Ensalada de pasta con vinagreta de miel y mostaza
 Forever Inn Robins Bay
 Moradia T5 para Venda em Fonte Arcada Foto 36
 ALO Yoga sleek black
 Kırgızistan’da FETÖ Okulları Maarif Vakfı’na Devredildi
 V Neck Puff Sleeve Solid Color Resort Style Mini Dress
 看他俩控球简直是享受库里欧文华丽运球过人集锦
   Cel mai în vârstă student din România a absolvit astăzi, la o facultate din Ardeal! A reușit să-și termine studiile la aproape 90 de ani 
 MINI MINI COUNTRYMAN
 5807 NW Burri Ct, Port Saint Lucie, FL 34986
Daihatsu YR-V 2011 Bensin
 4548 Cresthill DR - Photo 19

### Work to be completed
Repeat every record exactly as written, please.

### Answer box
Ensalada de pasta con vinagreta de miel y mostaza
 Forever Inn Robins Bay
 Moradia T5 para Venda em Fonte Arcada Foto 36
 ALO Yoga sleek black
 Kırgızistan’da FETÖ Okulları Maarif Vakfı’na Devredildi
 V Neck Puff Sleeve Solid Color Resort Style Mini Dress
 看他俩控球简直是享受库里欧文华丽运球过人集锦
   Cel mai în vârstă student din România a absolvit astăzi, la o facultate din Ardeal! A reușit să-și termine studiile la aproape 90 de ani 
 MINI MINI COUNTRYMAN
 5807 NW Burri Ct, Port Saint Lucie, FL 34986
Daihatsu YR-V 2011 Bensin
 4548 Cresthill DR - Photo 19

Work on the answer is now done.